Data shown Start Marker

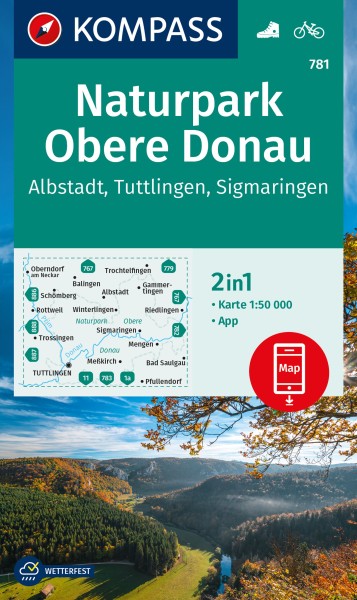 KOMPASS Wanderkarte 781 Naturpark Obere Donau
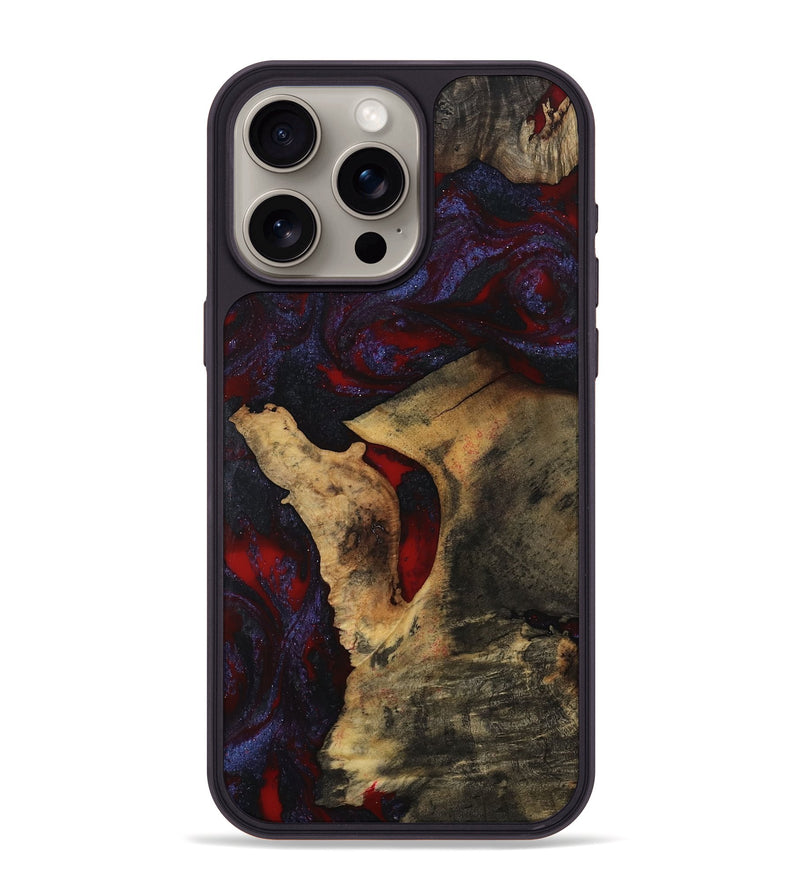 iPhone 15 Pro Max Wood Phone Case - Stephon (Red, 801629)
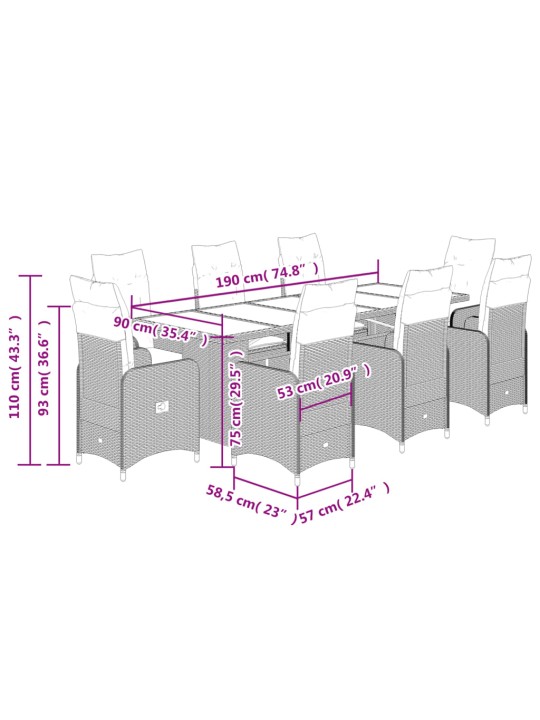 9dílný zahradní bistro set s poduškami šedý polyratan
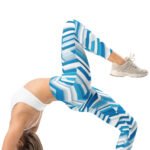 Blue 3d Chevron Leggings Geometric Yoga Pants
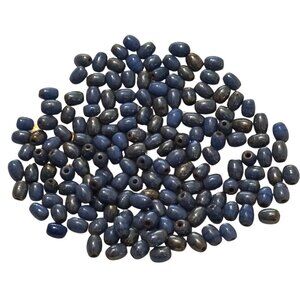 Vintage Small Blue-Gray Oval Glass Spacer Beads High Shine Finish 24g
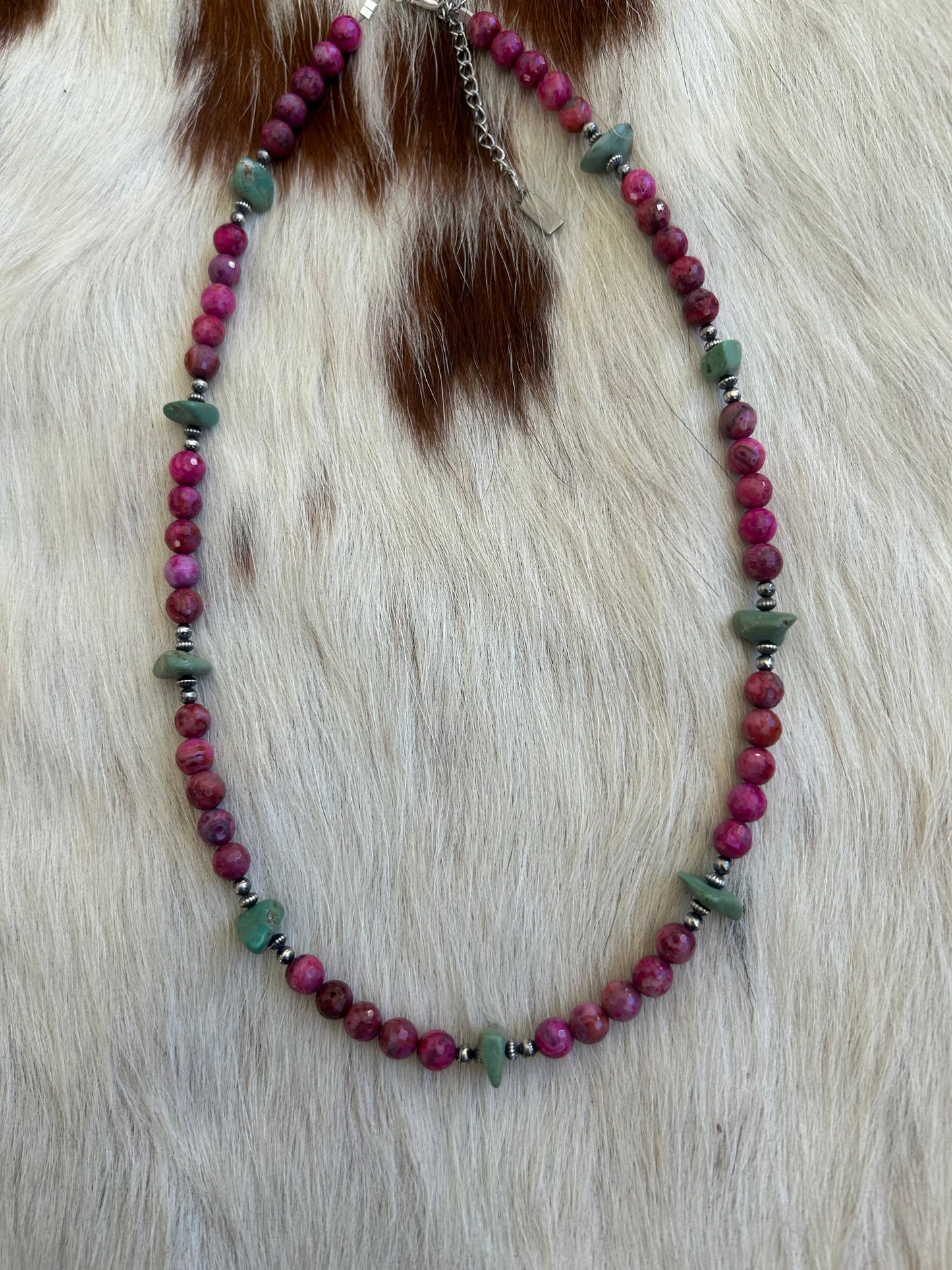 Pink with turquoise chips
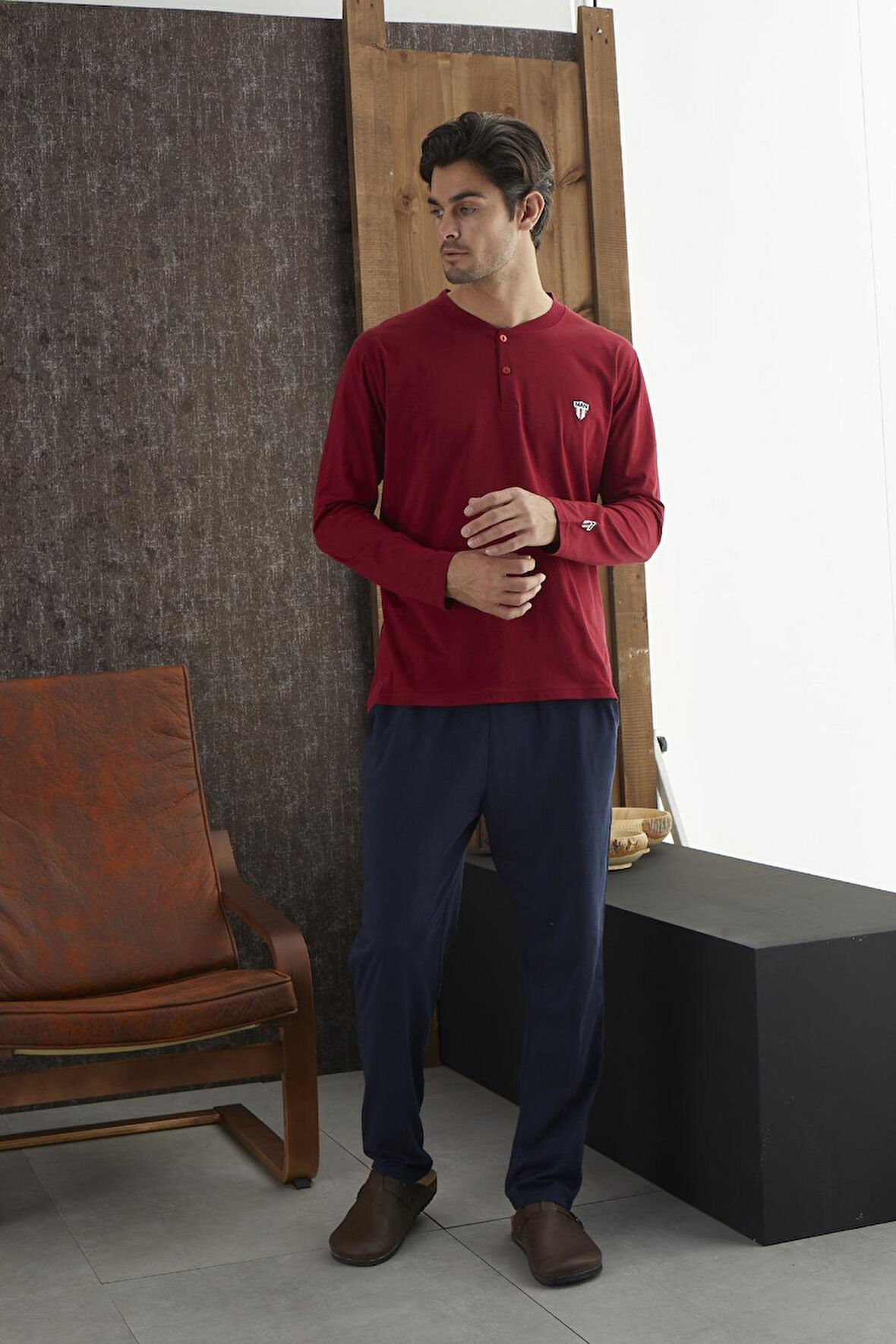Pijamood 8713 Kırmızı Pamuklu Erkek Pijama Takımı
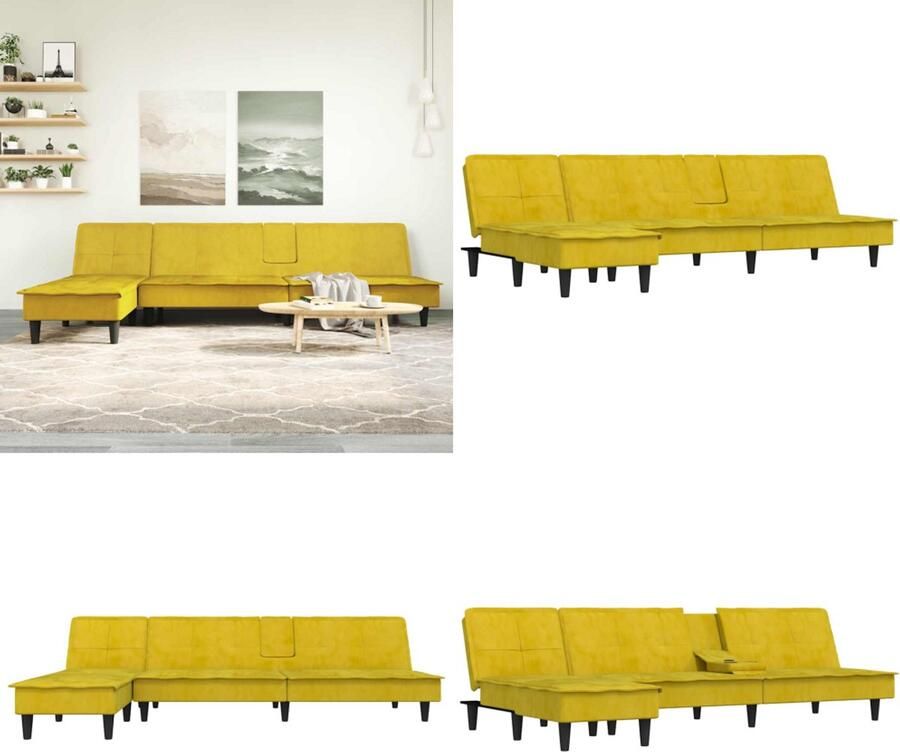 VidaXL Slaapbank L-vormig 255x140x70 cm fluweel geel L-vormige Slaapbank L-vormige Slaapbanken Slaapbank Inklapbare Slaapbank
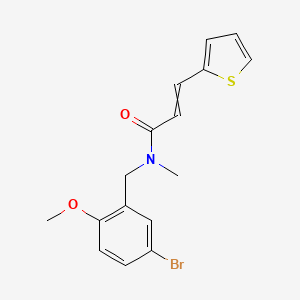 molecular formula C16H16BrNO2S B10806194 N-[(5-bromo-2-methoxyphenyl)methyl]-N-methyl-3-thiophen-2-ylprop-2-enamide 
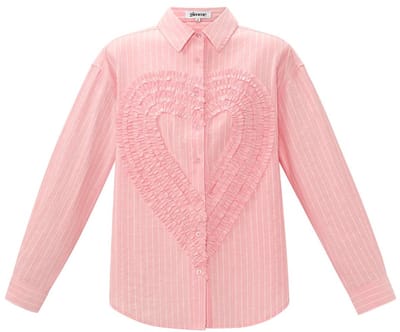 Eelegant Cotton Woven Damesoverhemd met Hartvormig Ruffledetail - Roze - Maat S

Data shown End Marker

**Work to complete:** Take the lines above from the top of the records through the one with "Pijamood 8713 Kırmızı" and repeat them exactly, without any pictures.

**Result for this exercise:**
 KOMPASS Wanderkarte 781 Naturpark Obere Donau
 iPhone 15 Pro Max Wood Phone Case - Stephon (Red, 801629)
 9dílný zahradní bistro set s poduškami šedý polyratan
 Blue 3d Chevron Leggings Geometric Yoga Pants
 Vintage Small Blue-Gray Oval Glass Spacer Beads High Shine Finish 24g
 Pink with turquoise chips
Pijamood 8713 Kırmızı Pamuklu Erkek Pijama Takımı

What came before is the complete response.